RECORDS TO PROCESS –
[Start of section]

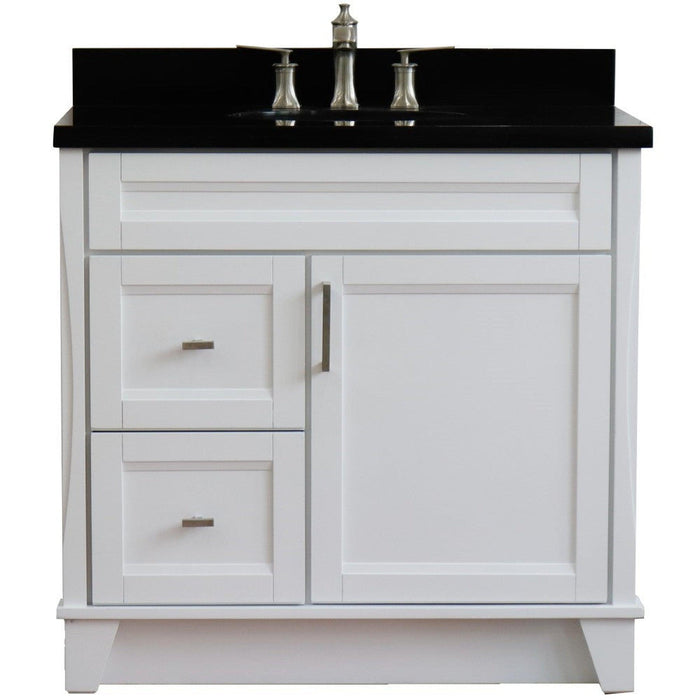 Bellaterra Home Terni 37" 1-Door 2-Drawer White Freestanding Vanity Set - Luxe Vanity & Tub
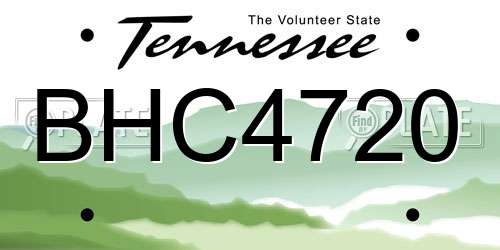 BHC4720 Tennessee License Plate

[End of section]
[Start of section]

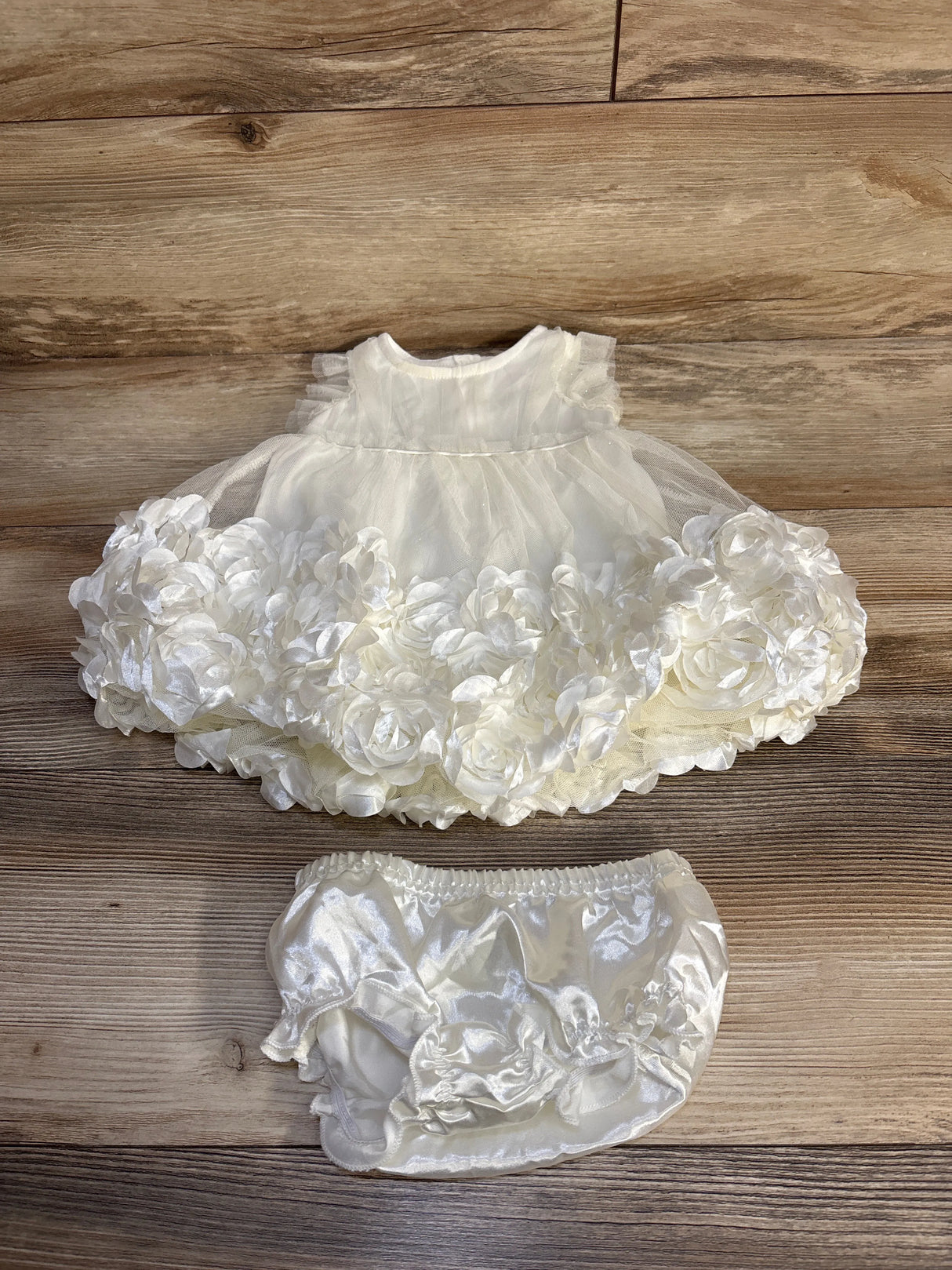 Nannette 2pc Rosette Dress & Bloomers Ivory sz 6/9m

[End of section]
[Start of section]

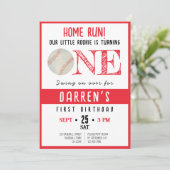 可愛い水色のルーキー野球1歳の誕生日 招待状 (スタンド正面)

[End of section]

REQUIREMENT – Start with the line with "Bellaterra Home Terni" in the listing above and stop after the line with "BHC4720 Tennessee License Plate". Write out exactly the lines in that stretch and no others, without pictures.

REPLY –
 Bellaterra Home Terni 37" 1-Door 2-Drawer White Freestanding Vanity Set - Luxe Vanity & Tub
 BHC4720 Tennessee License Plate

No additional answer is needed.